Extracted material:
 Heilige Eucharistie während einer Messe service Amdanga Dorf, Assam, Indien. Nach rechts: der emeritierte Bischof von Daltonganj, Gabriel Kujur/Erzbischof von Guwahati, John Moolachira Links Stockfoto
--
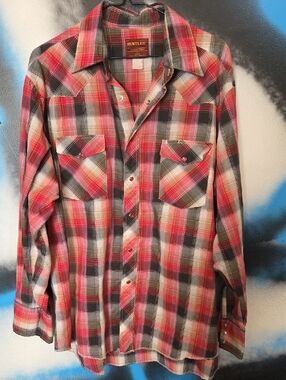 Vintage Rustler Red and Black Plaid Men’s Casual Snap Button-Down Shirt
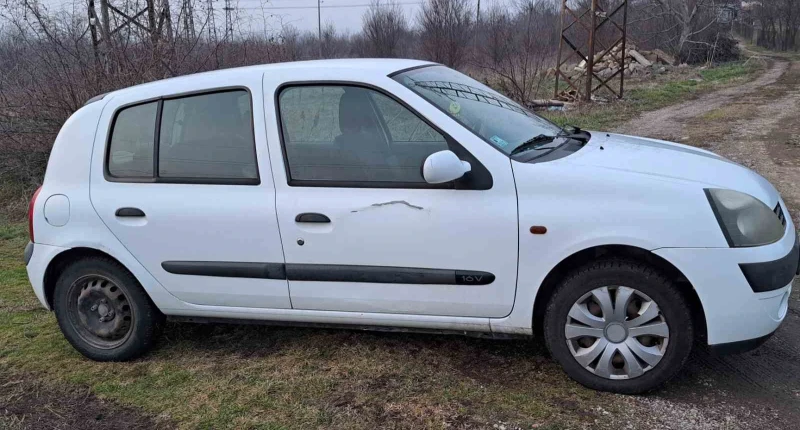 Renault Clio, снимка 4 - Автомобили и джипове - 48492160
* * *
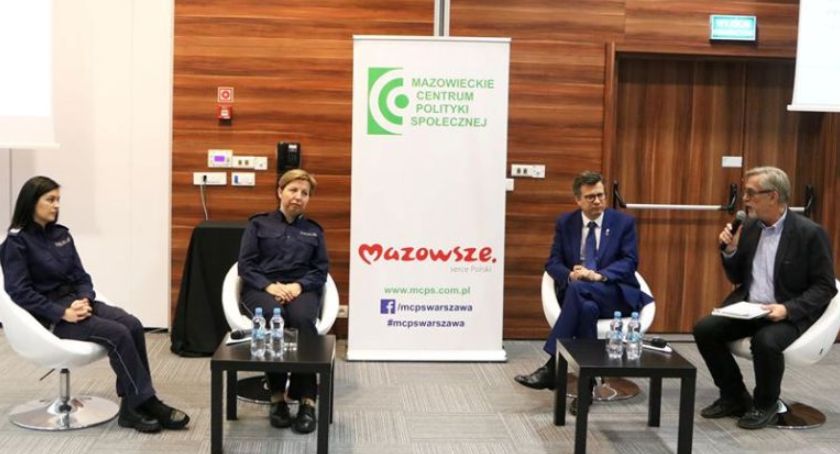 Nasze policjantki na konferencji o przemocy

Required action:
Transcribe, word for word, the stretch of lines in the data above from the one with "Vintage Rustler Red" through the one with "Renault Clio, снимка"; omit all pictures.

Exercise solution:
 Vintage Rustler Red and Black Plaid Men’s Casual Snap Button-Down Shirt
 Renault Clio, снимка 4 - Автомобили и джипове - 48492160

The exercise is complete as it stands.